Local Hero – 5 stars
Writer/director Bill Forsyth was born in Glasgow so he was well-positioned to create this love letter to Scotland. Big oil executive Peter Riegert, who lives a precise, antiseptic and singular life in Houston (he prefers to do deals at arm’s length – “I’m a telefax man”) is sent to a small fishing community in Scotland to buy up the land for a new refinery site. Before his journey, the company’s quirky owner and amateur astronomer, Burt Lancaster, enlists Riegert to canvass the skies in search of a comet. Riegert finds a quaint, simpler life that slowly transforms him from uptight businessman to wistful boy, entranced by the scenery, pace and wonder of the coast. The charm of the film is embodied in the village, in the film’s quieter moments, and as it infatuates Riegert, so too the audience.

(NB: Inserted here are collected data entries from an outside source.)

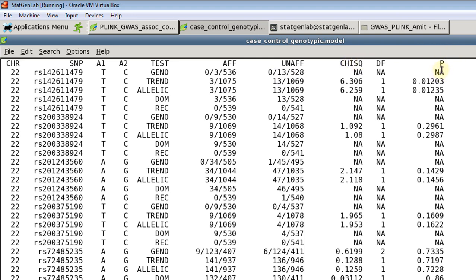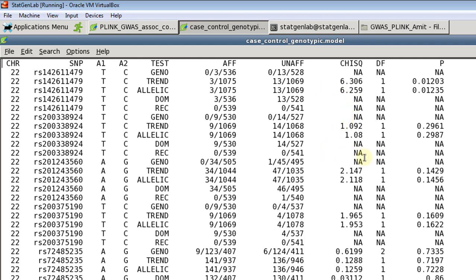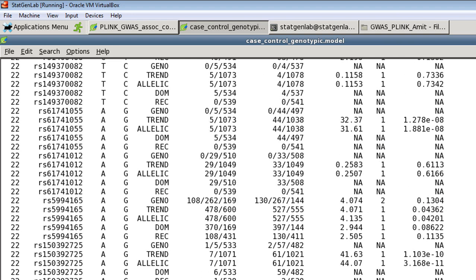Now you will observe that there are lots of NAs here. The reason behind it is Plink will only perform analysis if all the counts here, all the genotypic counts for cases and control both, are above five. So if you have any value five or less than five in either affected or unaffected, Plink does not perform a test. So then you will get NAs for that for dominant, recessive and genotypic tests. So that's why you see lots of NAs. So for typically low allele frequencies it does not perform those tests.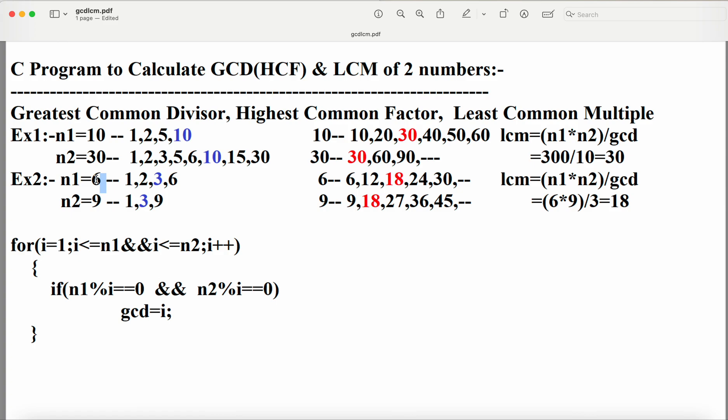In this program we are calculating LCM based upon GCD. The formula is n1×n2 divided by GCD, and the numerator must be placed within parentheses. So 6×9 = 54, and 54÷3 = 18. So LCM of 6 and 9 is 18.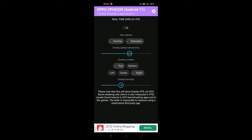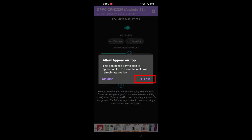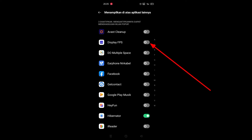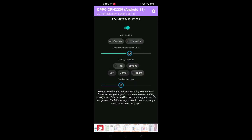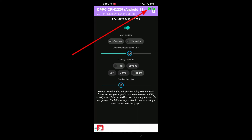Once it is already opened, just follow the tutorial as shown by the red arrow. You can see the FPS has appeared.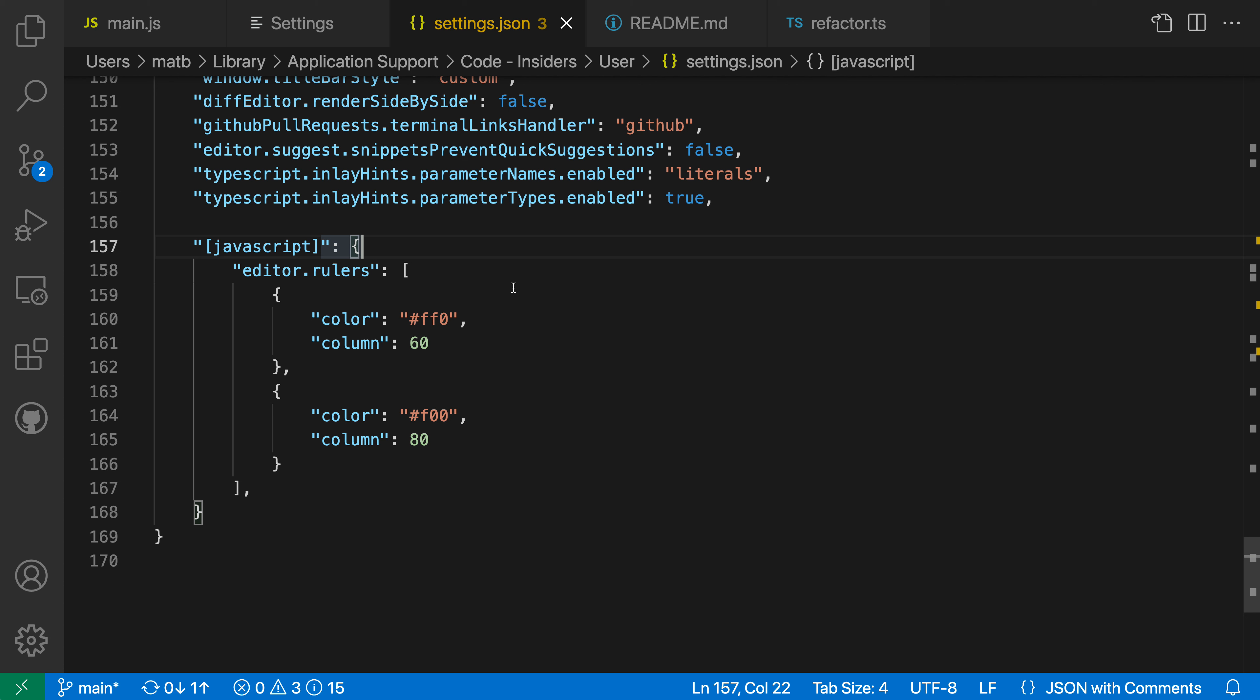I'm going to actually go and edit the setting identifier here. And right after JavaScript, I'm going to add brackets and then TypeScript. And now this setting is going to apply to both JavaScript and TypeScript because it's all on a single line.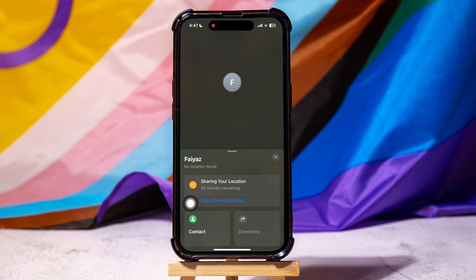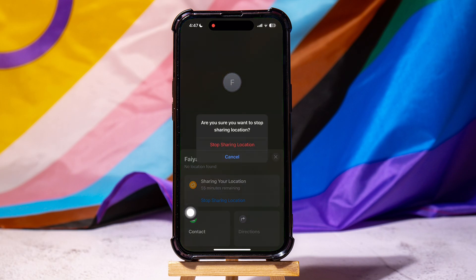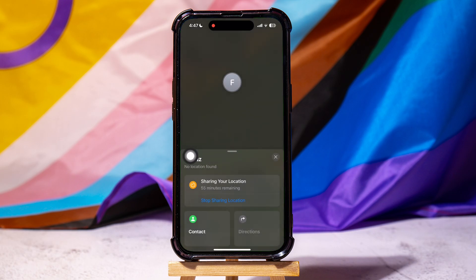If you want to stop sharing location with this person, then tap on Stop Sharing Location as shown. Tap on Stop Sharing Location again to confirm.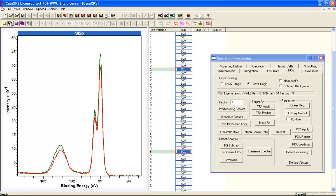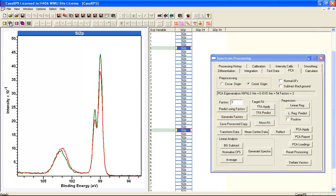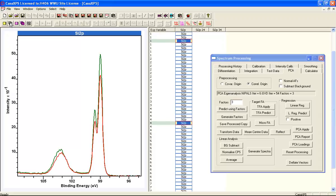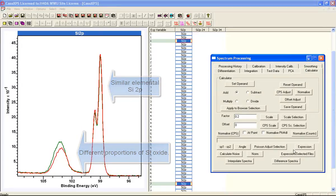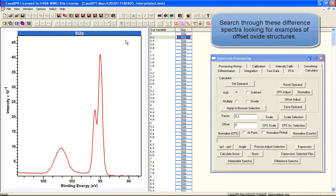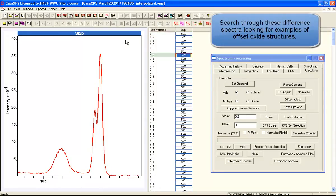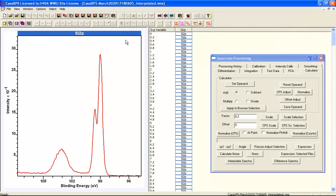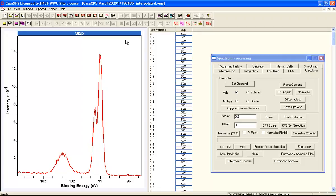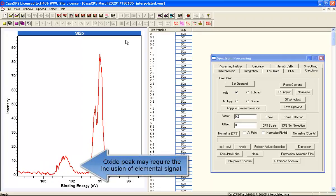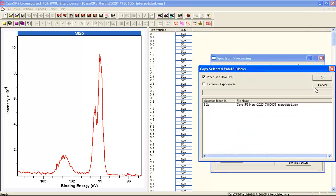Now we're going to look for another pair of spectra where we have similar elemental intensity with some variation in the oxide. This sometimes takes a bit of time to work out which spectra to use. But we've found two spectra that have very similar intensities for the elemental peak but a difference in the oxide peak. Using the difference spectra approach, we end up with a list of spectra we can search through. The elemental peak should always be in the same position, so we can pay attention to the oxide peak and try to identify two different forms of oxide.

There are so many good things about this picture it’s hard to catalogue them all. Riegert manages to be deadpan yet earnest, never once lapsing into sarcasm or condescension, and Forsyth writes him in a manner that never requires an explanation of or ode to his disquiet. The villagers are not schmaltzy local yokels, with a song in their heart and a lesson to impart. Rather, they are a slightly cynical bunch who received intel on the purchase and they – like anyone – lust for the big payoff. As Forsyth has acknowledged, “I don’t want you to think there was some deliberate message. You talk about the plot, but was there one? I mean, people can look back and say, oh, this was all an early one about the environment or whatever, but it didn’t happen that way, or if it did it was accidental. I’m not political, either in film or personally, and I don’t really do plot, and certainly don’t aim to broadcast a ‘message’. I suppose I like to tell stories. And if I’m writing a film, and don’t really have a plot, then you have to fill the screen with something, so I try to do so with characters, incidents.”
The picture features an impossibly young Peter Capaldi (In the Loop, World War Z), hilarious as Riegert’s liaison. His high dudgeon when the town’s cook serves him an injured rabbit he has saved from a road injury is priceless. Mark Knopfler also contributes a restrained, moody score that melds his guitar licks with a little-80s Vangelis synthesizer.
Apparently, Forsyth only got a few bites at the apple in Hollywood, the last one being a poorly reviewed Robin Williams vehicle, Being Human. It’s a shame. Forsyth was interviewed by The Guardian in 2008, which correctly called Local Hero “one of the quiet must-see little masterpieces of British cinema.”